My friend in Rockridge was trimming her grape vine last night during our visit. I grabbed the discarded tendrils and stripped off leaves to make stuffed grape leaves. May is a good time to harvest grape leaves for stuffing in most climates, although here in California many of the leaves are already too big and tough. You want the smaller ones, the size of a saucer or a lunch plate. But I kept the largest leaves as well, for a special mushroom dish I got from Elizabeth David (in "An Omelet and a Glass of Wine").

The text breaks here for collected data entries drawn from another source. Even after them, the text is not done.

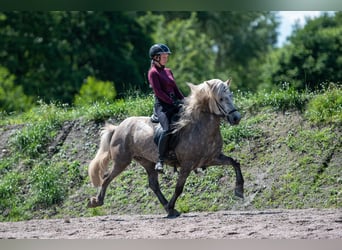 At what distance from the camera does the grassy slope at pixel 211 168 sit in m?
11.2

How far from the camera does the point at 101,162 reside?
10.4 metres

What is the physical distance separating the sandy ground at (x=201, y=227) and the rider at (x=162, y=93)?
67 cm

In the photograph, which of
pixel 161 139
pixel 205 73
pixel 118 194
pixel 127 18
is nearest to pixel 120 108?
pixel 118 194

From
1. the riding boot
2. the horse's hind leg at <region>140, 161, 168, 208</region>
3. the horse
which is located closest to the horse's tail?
the horse

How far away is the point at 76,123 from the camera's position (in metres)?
13.2

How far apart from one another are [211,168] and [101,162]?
5.83 ft

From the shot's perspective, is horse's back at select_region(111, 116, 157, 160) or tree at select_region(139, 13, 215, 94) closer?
horse's back at select_region(111, 116, 157, 160)

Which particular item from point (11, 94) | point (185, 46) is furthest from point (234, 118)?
point (185, 46)

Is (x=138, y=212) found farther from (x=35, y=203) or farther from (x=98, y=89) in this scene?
(x=98, y=89)

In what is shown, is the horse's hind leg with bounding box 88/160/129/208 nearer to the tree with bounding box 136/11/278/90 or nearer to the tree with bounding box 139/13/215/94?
the tree with bounding box 139/13/215/94

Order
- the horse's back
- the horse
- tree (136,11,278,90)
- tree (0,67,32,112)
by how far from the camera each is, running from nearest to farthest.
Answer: the horse → the horse's back → tree (0,67,32,112) → tree (136,11,278,90)

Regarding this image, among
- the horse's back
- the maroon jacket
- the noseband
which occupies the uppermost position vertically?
the maroon jacket

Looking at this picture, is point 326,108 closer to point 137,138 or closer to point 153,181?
point 153,181

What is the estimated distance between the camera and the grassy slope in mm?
11242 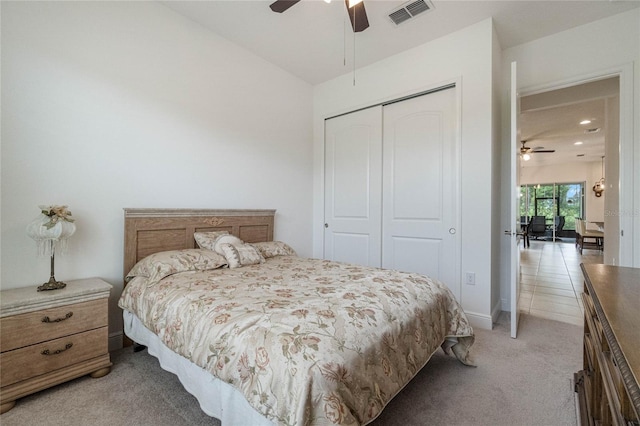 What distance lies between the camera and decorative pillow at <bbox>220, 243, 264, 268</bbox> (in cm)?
240

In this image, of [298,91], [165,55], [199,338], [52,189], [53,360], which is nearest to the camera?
[199,338]

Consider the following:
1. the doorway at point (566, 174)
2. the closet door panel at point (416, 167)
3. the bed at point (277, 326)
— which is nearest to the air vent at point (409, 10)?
the closet door panel at point (416, 167)

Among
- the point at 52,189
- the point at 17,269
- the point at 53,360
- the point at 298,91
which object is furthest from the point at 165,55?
the point at 53,360

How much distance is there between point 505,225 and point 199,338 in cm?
315

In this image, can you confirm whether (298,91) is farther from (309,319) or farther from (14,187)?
(309,319)

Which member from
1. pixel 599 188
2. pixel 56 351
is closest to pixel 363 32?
pixel 56 351

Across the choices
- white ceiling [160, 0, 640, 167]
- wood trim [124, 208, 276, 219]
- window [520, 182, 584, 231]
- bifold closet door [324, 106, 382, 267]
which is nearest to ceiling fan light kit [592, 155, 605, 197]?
window [520, 182, 584, 231]

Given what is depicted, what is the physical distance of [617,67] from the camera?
2.59 meters

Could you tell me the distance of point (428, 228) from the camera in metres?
3.09

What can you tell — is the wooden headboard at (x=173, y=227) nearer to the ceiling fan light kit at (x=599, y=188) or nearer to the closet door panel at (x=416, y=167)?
the closet door panel at (x=416, y=167)

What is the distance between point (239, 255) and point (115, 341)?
1.16 m

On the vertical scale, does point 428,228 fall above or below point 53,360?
above

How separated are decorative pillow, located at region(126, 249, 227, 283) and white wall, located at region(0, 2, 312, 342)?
1.16ft

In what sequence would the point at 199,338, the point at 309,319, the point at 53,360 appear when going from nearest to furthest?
the point at 309,319 → the point at 199,338 → the point at 53,360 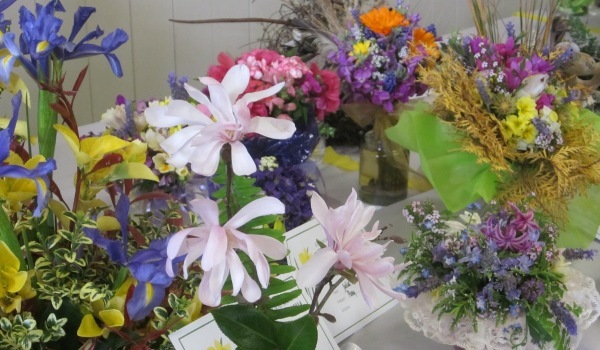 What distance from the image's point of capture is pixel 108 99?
5.91 ft

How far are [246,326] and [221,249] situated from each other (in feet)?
0.28

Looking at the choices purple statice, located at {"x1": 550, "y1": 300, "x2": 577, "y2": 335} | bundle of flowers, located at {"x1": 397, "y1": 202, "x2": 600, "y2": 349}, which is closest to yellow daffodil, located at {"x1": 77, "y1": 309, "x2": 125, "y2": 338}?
bundle of flowers, located at {"x1": 397, "y1": 202, "x2": 600, "y2": 349}

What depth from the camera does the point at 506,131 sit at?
97cm

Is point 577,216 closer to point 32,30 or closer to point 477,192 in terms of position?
point 477,192

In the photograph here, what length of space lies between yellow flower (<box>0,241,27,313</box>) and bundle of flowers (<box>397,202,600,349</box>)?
0.41 m

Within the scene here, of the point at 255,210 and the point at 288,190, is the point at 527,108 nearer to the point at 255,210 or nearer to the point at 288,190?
the point at 288,190

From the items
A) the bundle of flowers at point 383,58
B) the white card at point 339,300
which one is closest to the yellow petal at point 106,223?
the white card at point 339,300

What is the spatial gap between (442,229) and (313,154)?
428mm

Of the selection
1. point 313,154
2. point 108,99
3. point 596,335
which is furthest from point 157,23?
point 596,335

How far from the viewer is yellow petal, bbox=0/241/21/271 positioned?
486mm

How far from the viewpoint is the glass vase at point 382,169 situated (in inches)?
48.4

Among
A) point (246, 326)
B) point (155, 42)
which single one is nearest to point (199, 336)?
point (246, 326)

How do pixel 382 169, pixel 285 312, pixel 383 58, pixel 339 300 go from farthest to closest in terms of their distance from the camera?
pixel 382 169 < pixel 383 58 < pixel 339 300 < pixel 285 312

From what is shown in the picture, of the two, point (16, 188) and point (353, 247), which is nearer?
point (353, 247) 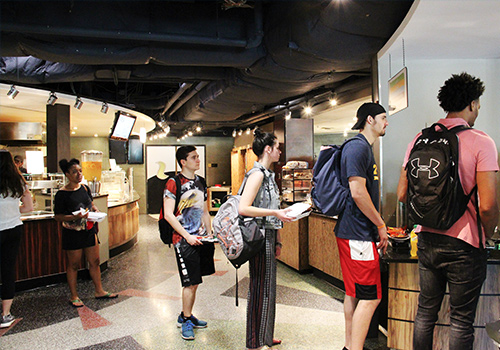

Baked Mushrooms in Grape Leaves
Line a deep casserole with grape vine leaves. (Leila's note - I blanch them and freeze them first for keeping - if using right away, merely blanch 2 minutes in boiling water) Fill the casserole with plain old button mushrooms, either the boring white kind or the nicer brown criminis. Add a strip of bacon or some bits of ham if you like; salt, pepper, a garlic clove or two, and a healthy amount of good olive oil - at least a quarter cup. Cover the top with more vine leaves, then cover the whole casserole with a lid or tin foil. Bake in a 350 degree oven until mushrooms are tender. Serve with crusty bread to mop up all that mushroom liquor. This trick turns the tamest mushrooms into wild flavored delights.
Stuffed Grape Leaves
Harvest unsprayed grape leaves in early summer (May or June). Blanch leaves 2 minutes, drain, store in plastic bags, and freeze. When ready to make stuffed grape leaves, thaw frozen leaves.
If using canned leaves, rinse to remove extra brine.
Saute half a pound ground lamb or ground beef until just brown.
Add to a cup and a half (or so) of uncooked rice. Add a little tomato sauce, dash cinnamon and allspice, and the meat. Stir to mix.
Spread a leaf out, ribs face up, and put a teaspoon of the rice mixture onto the base, near the stem. Spread the rice out into a cigar shape. Fold the leaf ends over rice, then roll towards the middle. Don't roll too tightly - remember the rice has to cook and swell up. Put packet into a large kettle and repeat until you've used up the rice mixture. Stack the leaf packets pretty tightly.
You could put a lamb chop or lamb bone on the bottom of the pot, for flavor. My dad sometimes put in a couple of strips of bacon - very inauthentic but good. Pour in boiling water or stock to cover, bring back to the boil, put a plate on top to keep the packets from bursting, cover the pot and simmer on low for about an hour or until rice is fully cooked. (I hate crunchy rice). Be sure to check regularly and add water if needed.
You may also stir in tomato sauce or paste to the boiling water before adding.
Towards the end of this process, strew chopped garlic over the top. At the end, squeeze lemon juice and drizzle olive oil over all.
Stuffed grape leaves are served hot or room temperature, alone or with dollops of yogurt.
This recipe may be made vegetarian by substituting chickpeas for sauteed ground meat. You must then use tomato sauce in the cooking water, add lots of garlic, and use spices.